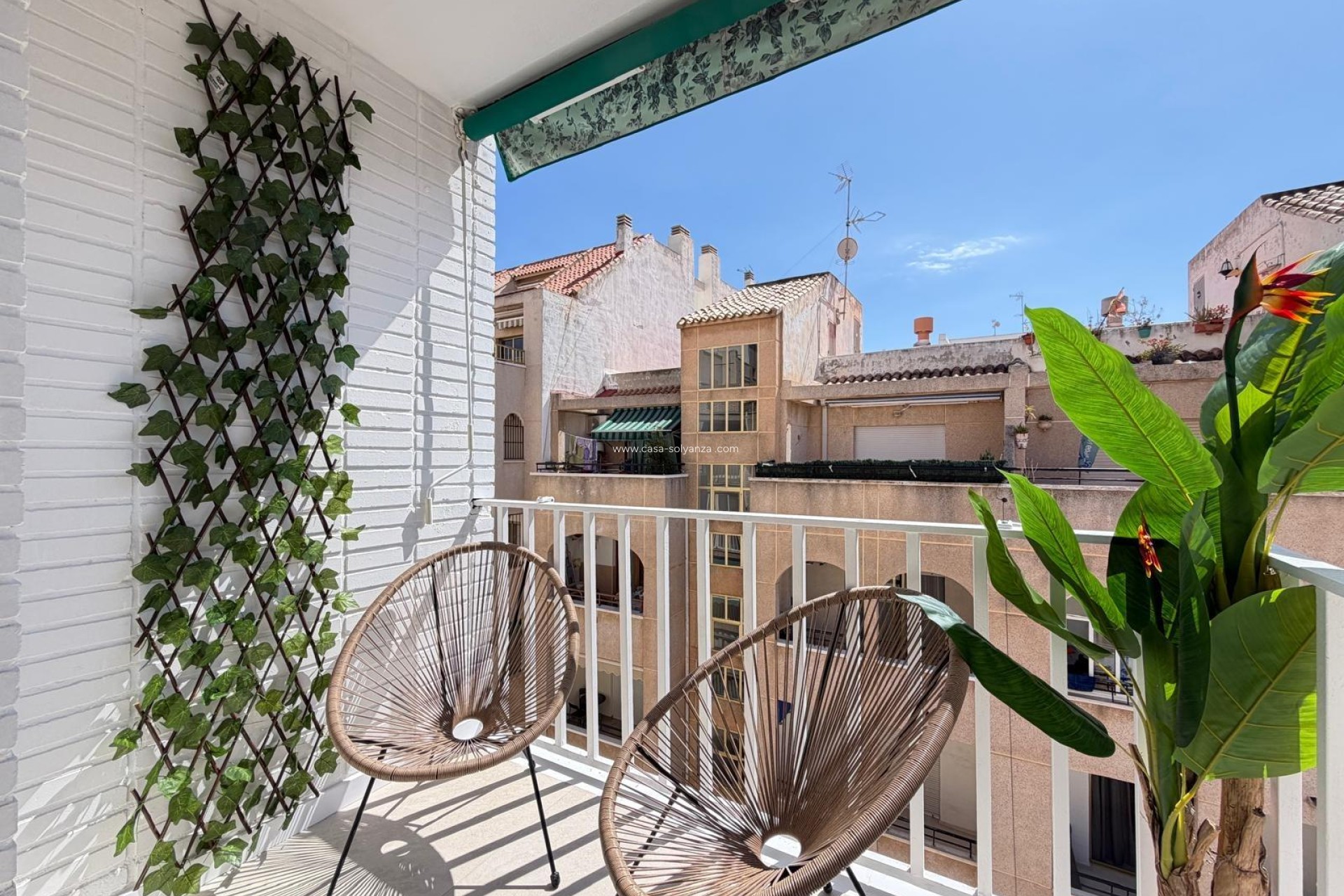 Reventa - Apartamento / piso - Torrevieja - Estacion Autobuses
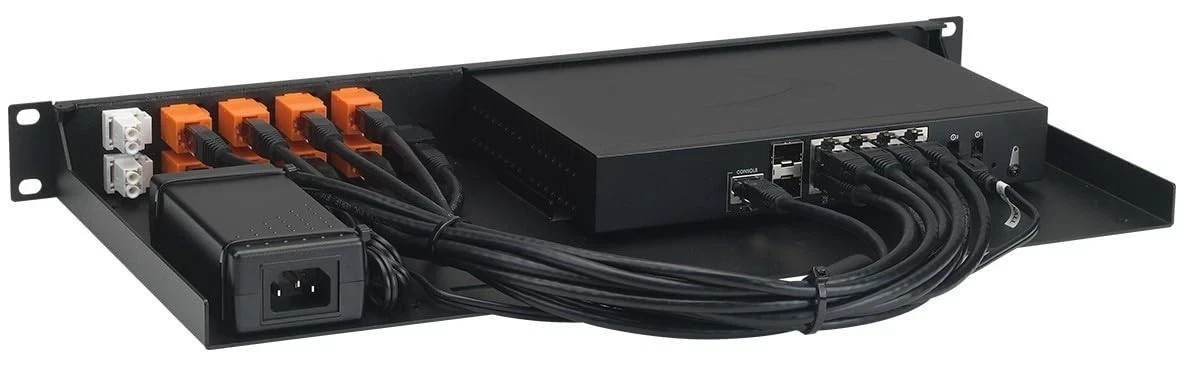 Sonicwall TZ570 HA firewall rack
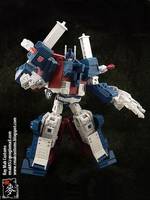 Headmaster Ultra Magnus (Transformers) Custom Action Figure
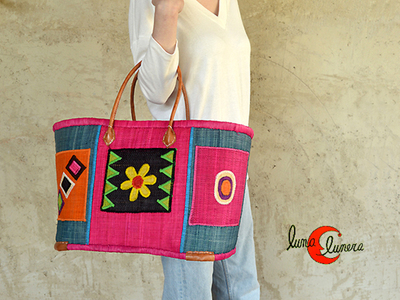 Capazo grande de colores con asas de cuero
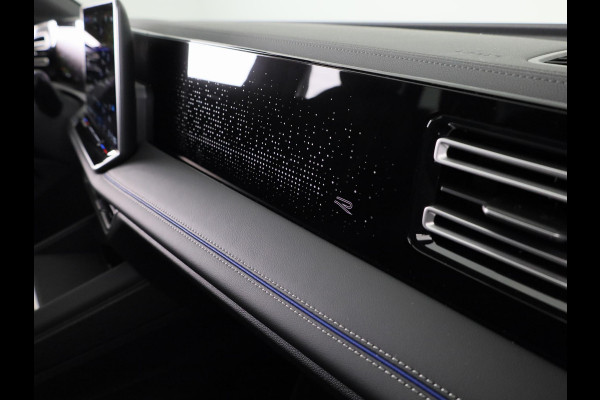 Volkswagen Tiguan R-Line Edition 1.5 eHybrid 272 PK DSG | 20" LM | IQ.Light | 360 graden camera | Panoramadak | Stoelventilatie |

Task brief »
What you produce should repeat the data word for word while omitting all images.

Your solution »
 Reventa - Apartamento / piso - Torrevieja - Estacion Autobuses
 Sonicwall TZ570 HA firewall rack
 Headmaster Ultra Magnus (Transformers) Custom Action Figure
 Capazo grande de colores con asas de cuero
 Volkswagen Tiguan R-Line Edition 1.5 eHybrid 272 PK DSG | 20" LM | IQ.Light | 360 graden camera | Panoramadak | Stoelventilatie |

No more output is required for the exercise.